Polsinelli’s six national practice groups are health care, IP, real estate and financial services, business, litigation and labor and employment.

The lawyers joining Polsinelli from Foster Pepper include Kenyon and fellow partners Jessica Andrade, Stephen Fisher, James Fredman III, Kirsten Koester, Robert Mahler and Jane Pearson, as well as associate Adrienne McKelvey. The new hires work in a range of practice groups, including health care, government investigations, bankruptcy and corporate transactions. Mahler is a white-collar lawyer with a Band-1 ranking in Washington by Chambers and Partners.

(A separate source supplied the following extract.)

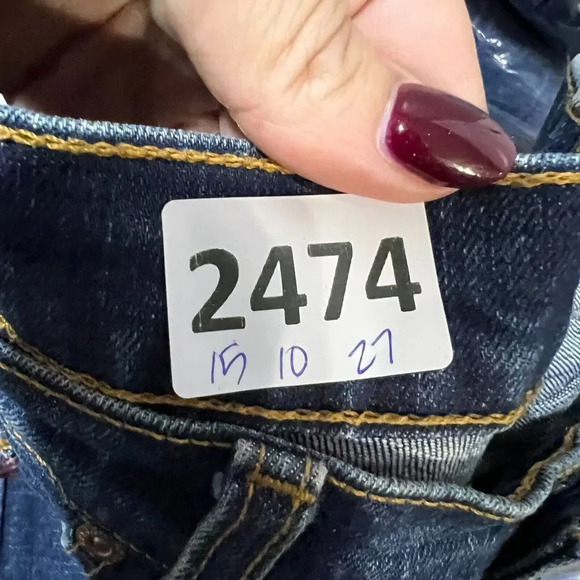 Vtg Y2K Womens Blue Fringe Gems Capri Crop Denim Jeans 8 Hamilton Dungaree - Picture 13 of 13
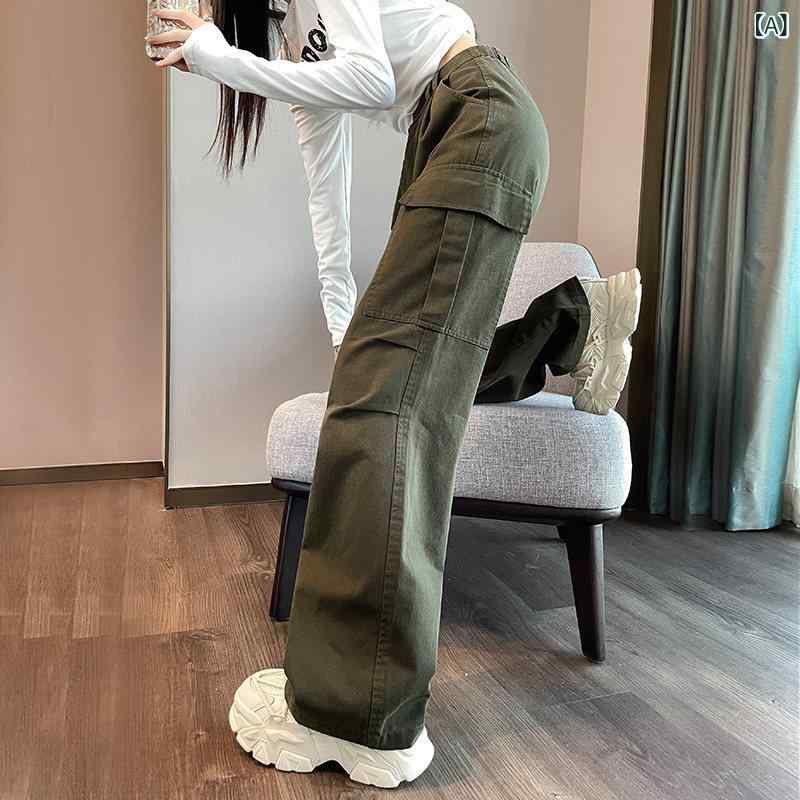 レディース　ハイウエスト　パンツ アメリカ 高級 オーバー オール 女性 2025 ストレート 小さい 春秋 カジュアル 綿 クールスタイル パンツ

The move into Seattle shows that Polsinelli, which has been one of the nation’s fastest-growing firms in the wake of the economic recession a decade ago, will continue to grow. Last year, the 783-lawyer firm pulled in $475 million in gross revenue. In 2010, Polsinelli had 413 lawyers and $167.5 million in gross revenue, according to ALM Intelligence.

Welsh said that Polsinelli, which in early 2016 bolted on the bulk of prominent IP-focused firm Novak Druce Connolly Bove + Quigg, has sought to bolster its West Coast operations in recent years. The Seattle opening, as well as other new offices in San Francisco in 2014 and Los Angeles in 2011 are part of that continuing effort by Polsinelli.

In Seattle, the firm will be entering a less-crowded market. The largest offices in the city are those of Perkins Coie, Davis Wright Tremaine and K&L Gates. According to ALM Intelligence, Perkins Coie is the only office with more than 300 lawyers, and Davis Wright is the only other firm to have more than 200 lawyers in Seattle. Foster Pepper is the sixth-largest firm in the city, according to ALM Intelligence, with 112 lawyers.

W. Russell Welsh.

“We see Seattle as an opportunity, broadly, for practices where we’ve distinguished ourselves nationally—health care, tech, real estate,” Welsh said. “There are more [construction] cranes in Seattle than any city. I think it’s an overlooked market, but it won’t be overlooked by us.”

Seattle is one of the few growing large metropolitan areas in the northern half of the United States, according to a Seattle Times analysis of U.S. Census data. From 2016 to 2017, the city was one of just five U.S. metropolitan areas that saw a net increase in population from domestic moves. The other four cities were all in the so-called Sun Belt: Atlanta; Riverside, California; Dallas; and Phoenix.

Earlier this year, national labor and employment firm Fisher & Phillips entered Seattle by acquiring local shop Michael & Alexander. Last week another firm with longtime roots in Seattle, the IP-focused Miller Nash Graham & Dunn, expanded in the Pacific Northwest by absorbing Portland, Oregon-based Marger Johnson.

Asked if Seattle would be the last office opened under his expiring watch as Polsinelli’s longtime leader, Welsh said, “Never say never,” before laughing and adding: “It’s likely to be, all kidding aside.”